Source: Facebook community "God is the author of marriage"  
While the word convenient also derives from convenire, let's not bicker and argue: we typically employ convenient in situations of practicality and ease, while covenant, its comelier cousin, is associated with deliberation (a staple in situations where practicality might suggest an easier, softer way).

Most of these categories are cut-and-dried, admitting of little wiggle room.  Individual spouses and marriages may tend to think and/or behave predominantly in one or another direction.  Thank God for opportunities to awaken to the need for change, which can occur before the breaking point.

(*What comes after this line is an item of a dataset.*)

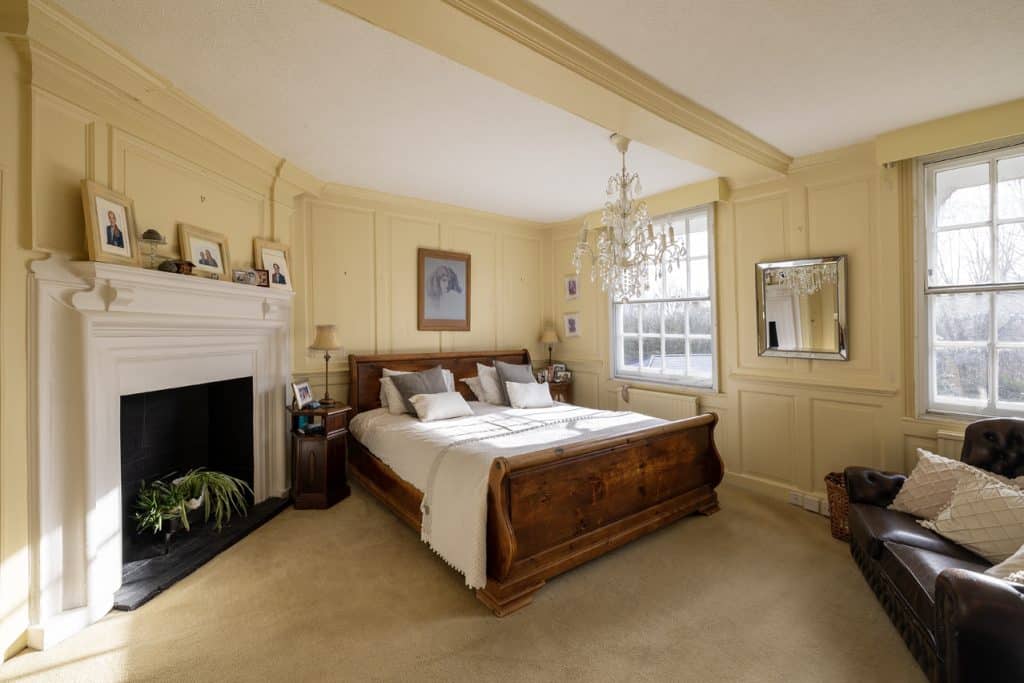 a bedroom with a large bed in a room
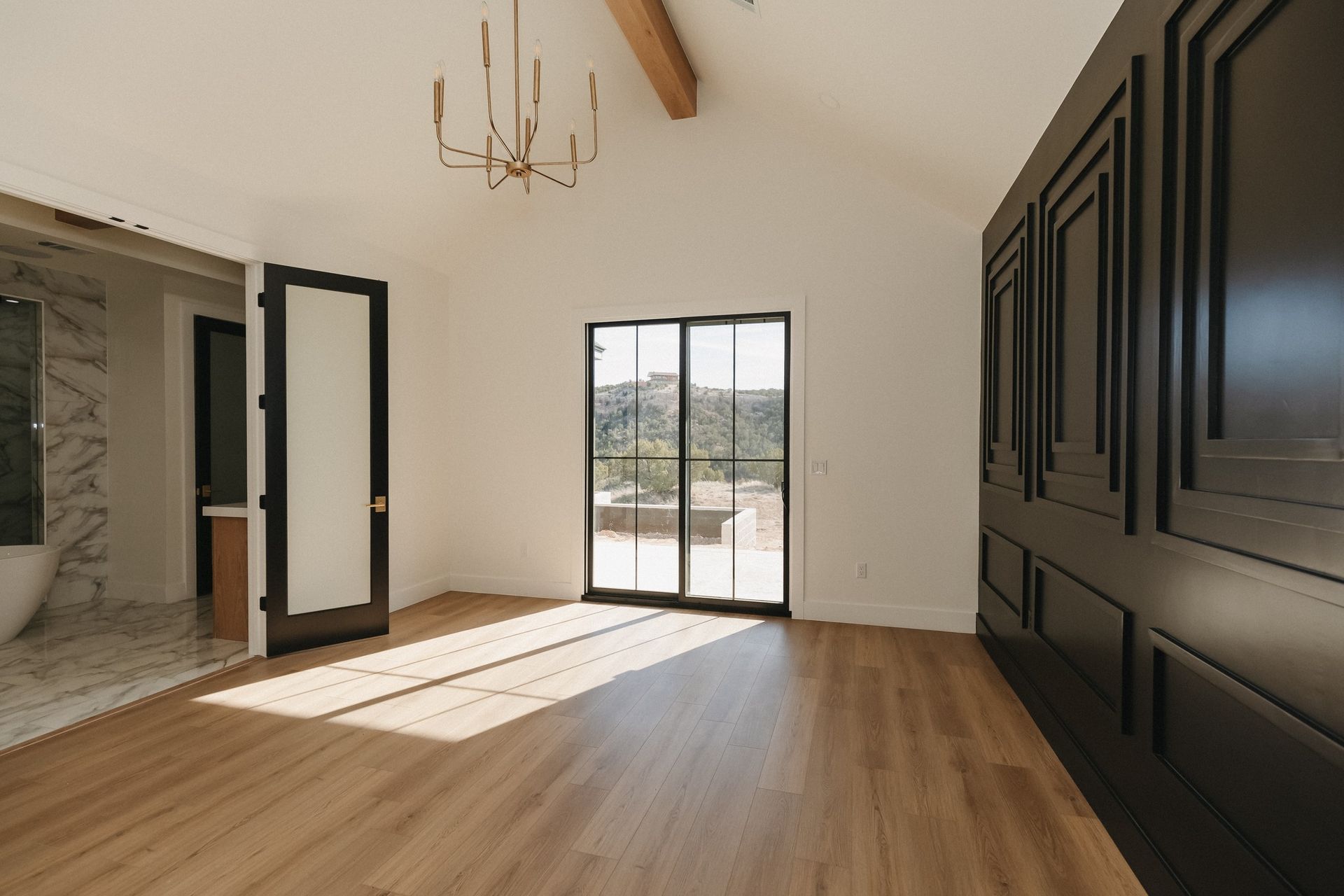 A large empty room with hardwood floors and a chandelier hanging from the ceiling.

God, the Author of marriage, is also the Author of Holy Orders, whereby men are privileged to participate in the Church's evangelical, sacramental, and pastoral ministry as "other Christs."  This, too, is a share in covenant love, in many respects; above all, because "God is faithful" (1 Cor 1:9).  The Church needs priests who are secure in their relationship with the Lord, and readily available for their people's spiritual needs.

We are at the threshold of "Good Shepherd Sunday," dedicated to prayer for vocations after the Chief Shepherd's own Heart.  May God bless all married couples, priests, and consecrated religious who strive to exemplify His covenant-love in their respective vocations.